Japan seeks arrest of anti-whaling leader

Tokyo - The Japanese Coast Guard has obtained an arrest warrant for a leader of an anti-whaling group for allegedly ordering his members to obstruct operations by Japan's whaling fleet, Japanese media reported Friday.

The Coast Guard is seeking the arrest of Paul Watson, founder and president of the US-based Sea Shepherd Conservation Society, on suspicion of assault and obstruction of business, the Kyodo News agency reported.

Japanese authorities are to put Watson on the international wanted list through Interpol, Kyodo reported, citing unnamed sources.

Watson, a Canadian, is suspected of ordering Peter Bethune, a New Zealand national, to throw a chemical onto a Japanese whaling ship in the Antarctic Sea in February and commit other acts of obstruction, Kyodo said.

Bethune was the skipper of the Sea Shepherd's high-speed trimaran Ady Gil during the society's annual mission to disrupt the whaling season. The trimaran sank in January after colliding with the Shonan Maru Number 2, the Japanese whaling fleet's security ship.

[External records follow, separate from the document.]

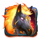 colt lightning inferno fire horse symbol icon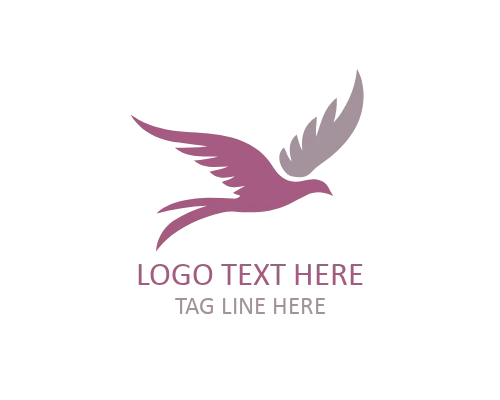 Horizon Flying Bird Logo for Travel Brands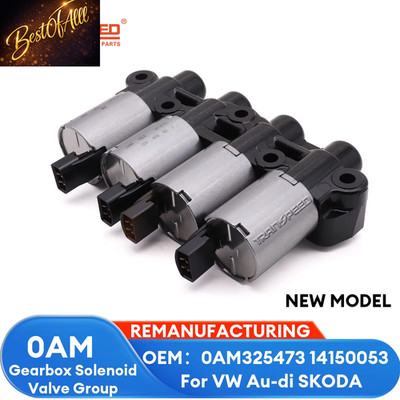 TRANSPEED 0AM DQ200 DSG Auto Übertragung 4PCS Magnetventil Kit Neue Version Für 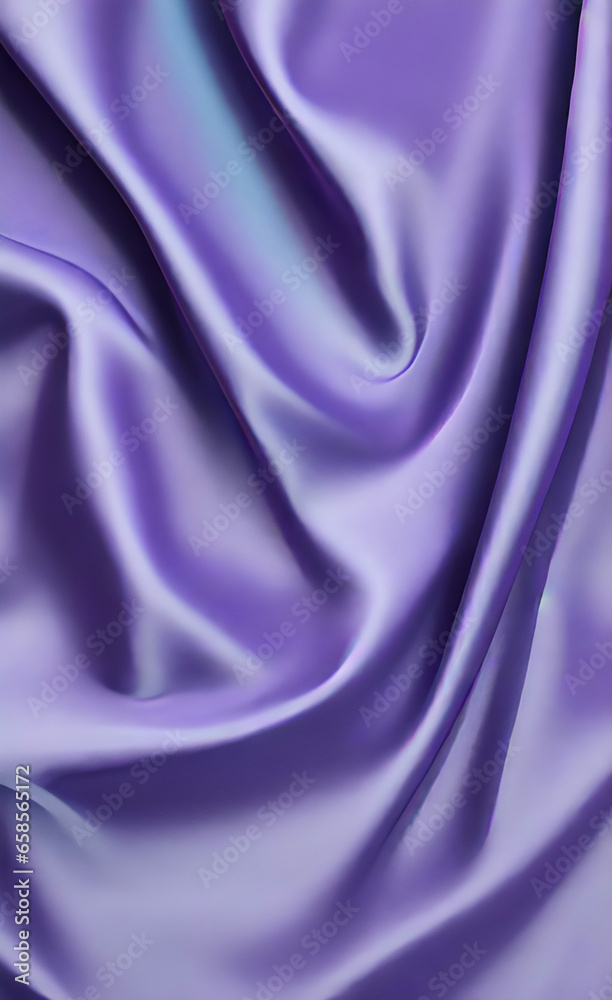 Fototapeta premium Navy blue elegant abstract background. Silk satin fabric with nice folds. Beautiful dark blue background with wavy lines. Copy space.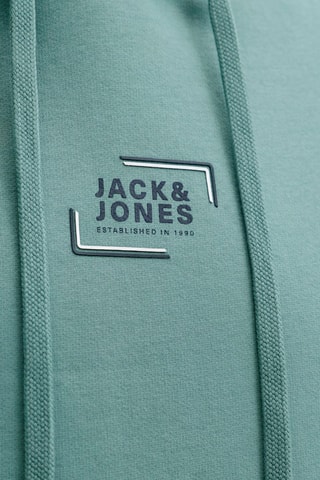 Sweat regular en coton biologique à capuche - Vert d'eau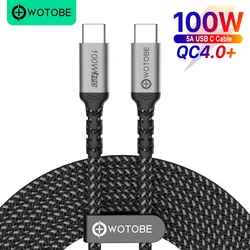 Ultra - Durable 10ft USB - C Fast Charging Cable, 100W Power Delivery, Nylon Braided for 0.2m (100W C to C Cable)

The New Zealander then allegedly boarded the ship to make a citizen's arrest of the Japanese skipper for the attempted murder of the Ady Gil's crew members.

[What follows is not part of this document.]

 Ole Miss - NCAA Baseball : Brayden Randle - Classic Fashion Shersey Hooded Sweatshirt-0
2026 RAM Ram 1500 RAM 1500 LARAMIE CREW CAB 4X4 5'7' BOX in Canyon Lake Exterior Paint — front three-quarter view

He was detained on board the Japanese vessel in mid-February and was handed over to the Japanese Coast Guard when the ship docked in Tokyo in March.

Bethune was the only one directly engaged in the acts but the Coast Guard decided to arrest Watson because Bethune had reportedly told investigators that he had acted on Watson's orders, Kyodo reported.

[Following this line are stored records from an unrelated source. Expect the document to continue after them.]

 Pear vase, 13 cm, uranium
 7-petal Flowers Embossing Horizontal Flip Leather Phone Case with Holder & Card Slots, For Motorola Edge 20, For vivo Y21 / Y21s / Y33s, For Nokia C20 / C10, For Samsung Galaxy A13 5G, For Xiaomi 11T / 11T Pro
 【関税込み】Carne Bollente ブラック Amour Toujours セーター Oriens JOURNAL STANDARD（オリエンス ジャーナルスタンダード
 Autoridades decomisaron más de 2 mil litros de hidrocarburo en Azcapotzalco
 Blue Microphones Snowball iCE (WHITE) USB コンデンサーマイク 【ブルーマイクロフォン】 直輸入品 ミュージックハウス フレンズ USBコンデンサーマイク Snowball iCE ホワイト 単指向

Watson told Kyodo Friday on the phone that the arrest warrant did not worry him.

"It is clearly a politically motivated arrest warrant," Watson was quoted by Kyodo as saying. "... It's not an investigation into an infraction. Japan is doing everything they can to stop us going down to the Southern Ocean next year."

Japanese prosecutors indicted Bethune earlier this month on five criminal counts in connection with obstructing Japanese whaling.

A worldwide ban on whaling was enacted in 1986, but Japan uses a loophole in that agreement to continue whaling under the premise of doing it for scientific research.

Its critics, however, have accused it of conducting its annual hunt for commercial purposes, and Sea Shepherd harasses its whaling fleet each year to try to disrupt its catch.